Building on Elasticsearch clusters deployed with ECK and PSO, this blog will walk through three different uses for Elasticsearch in Kubernetes. My Elasticsearch clusters are backed by Elastic Cloud for Kubernetes (ECK) with storage automatically provisioned by Pure Service Orchestrator (PSO). These use-cases highlight how to take advantage of Elasticsearch clusters running in Kubernetes. Starting from simpler to more advanced, the uses are 1) Fluentd for centralized Kubernetes logging, 2) Esrally benchmarking, and 3) Rapidfile to list large directory hierarchies and upload entries through the bulk API.

The complete yaml for all of these examples are in this github repo.

Use Case 1: Collecting Kubernetes Logs with Fluentd and Elasticsearch

While working with Kubernetes, I often find myself searching on different nodes and pods for logs to help me debug . One immediate way that ECK can be useful is a central location for collecting all Kubernetes logs using Fluentd and Elasticsearch. Instead of looking across many different components for log files, now I use a Kibana dashboard to see all my Kubernetes-related logs in one place.

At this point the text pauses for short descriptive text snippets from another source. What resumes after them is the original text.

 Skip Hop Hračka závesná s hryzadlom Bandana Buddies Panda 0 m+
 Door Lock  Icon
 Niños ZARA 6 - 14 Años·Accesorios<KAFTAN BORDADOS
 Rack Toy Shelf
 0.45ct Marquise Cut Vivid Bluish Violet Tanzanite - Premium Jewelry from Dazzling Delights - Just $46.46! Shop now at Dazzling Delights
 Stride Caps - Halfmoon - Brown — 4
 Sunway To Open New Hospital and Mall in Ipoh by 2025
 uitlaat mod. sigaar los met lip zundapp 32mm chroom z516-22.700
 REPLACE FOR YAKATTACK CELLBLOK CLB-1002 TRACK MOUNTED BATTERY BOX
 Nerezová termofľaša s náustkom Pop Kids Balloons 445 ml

There are generic great tutorials for how to setup FluentD with Elasticsearch, so I will focus specifically on using fluentd and ECK together. You can find on github the full yaml files for the elasticsearch cluster and fluentd daemonset.

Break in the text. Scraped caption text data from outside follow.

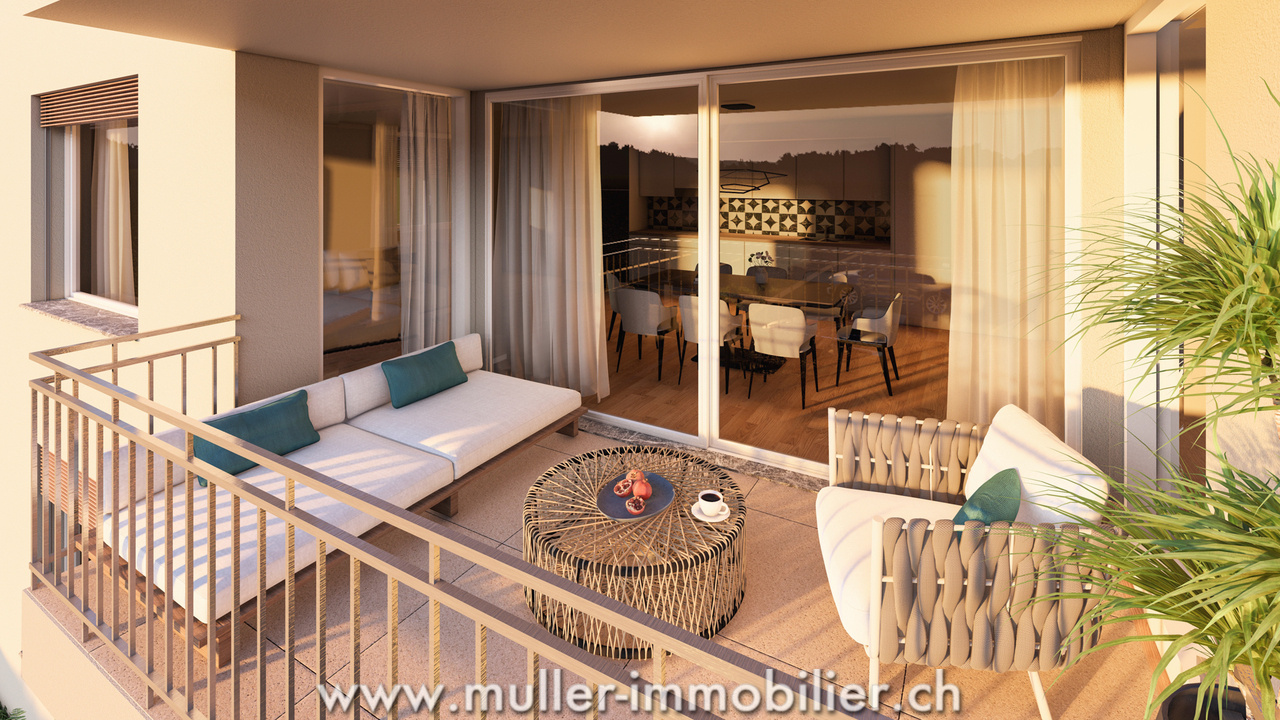 Rare opportunity: 4.5 rooms with permit and advantageous loan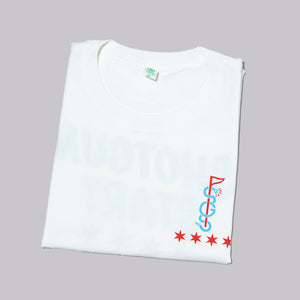 The Shotgun Start Live Show T-Shirt - Ivory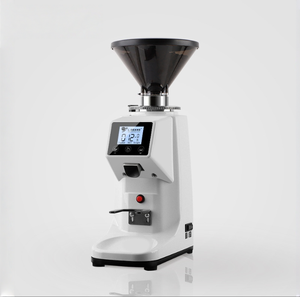 Molinillo <span class=keywords><strong>de</strong></span> Café Ajustable <span class=keywords><strong>para</strong></span> Granos <span class=keywords><strong>de</strong></span> Café, Uso Doméstico, Estilo Italiano, Cafetería, Comercial, con Muelas Planas - Product Image 1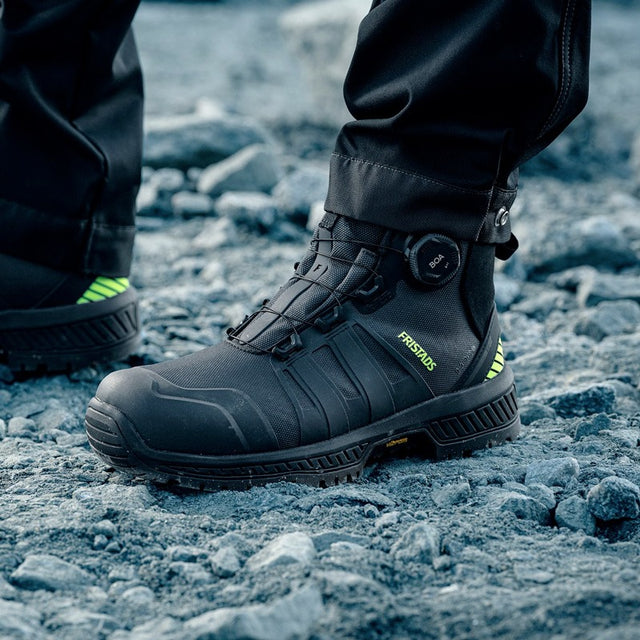 Scarpe alte antinfortunistiche Fristads ComfortStep MID S7S ESD BOA SR FO LG SC HI CI HRO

With ECK and PSO, setting up a Fluentd log collector is as simple as creating the fluentd daemonset with the necessary environment variables to connect to your Elasticsearch cluster. Fluentd connects to an existing ECK cluster with the password injected into an environment variable via secretKeyRef. The below were the necessary settings for the fluentd daemonset:

- name: FLUENT_ELASTICSEARCH_HOST
value: “elastic-internal-es-http”
- name: FLUENT_ELASTICSEARCH_PORT
value: “9200”
- name: FLUENT_ELASTICSEARCH_SCHEME
value: “https”
- name: FLUENT_ELASTICSEARCH_SSL_VERIFY
value: “false”
- name: FLUENT_ELASTICSEARCH_SSL_VERSION
value: “TLSv1_2”
- name: FLUENT_ELASTICSEARCH_USER
value: “elastic”
- name: FLUENT_ELASTICSEARCH_PASSWORD
valueFrom:
secretKeyRef:
name: elastic-internal-es-elastic-user
key: elastic

Most of the above settings are straightforward, except FLUENT_ELASTICSEARCH_SSL_VERSION, which was required because the default SSL version used by Fluentd is rejected by Elasticsearch as insecure.

Then simply deploy the fluentd daemonset. Note that this requires the Elasticsearch cluster to be in the same namespace as fluentd, otherwise the password secret is not visible.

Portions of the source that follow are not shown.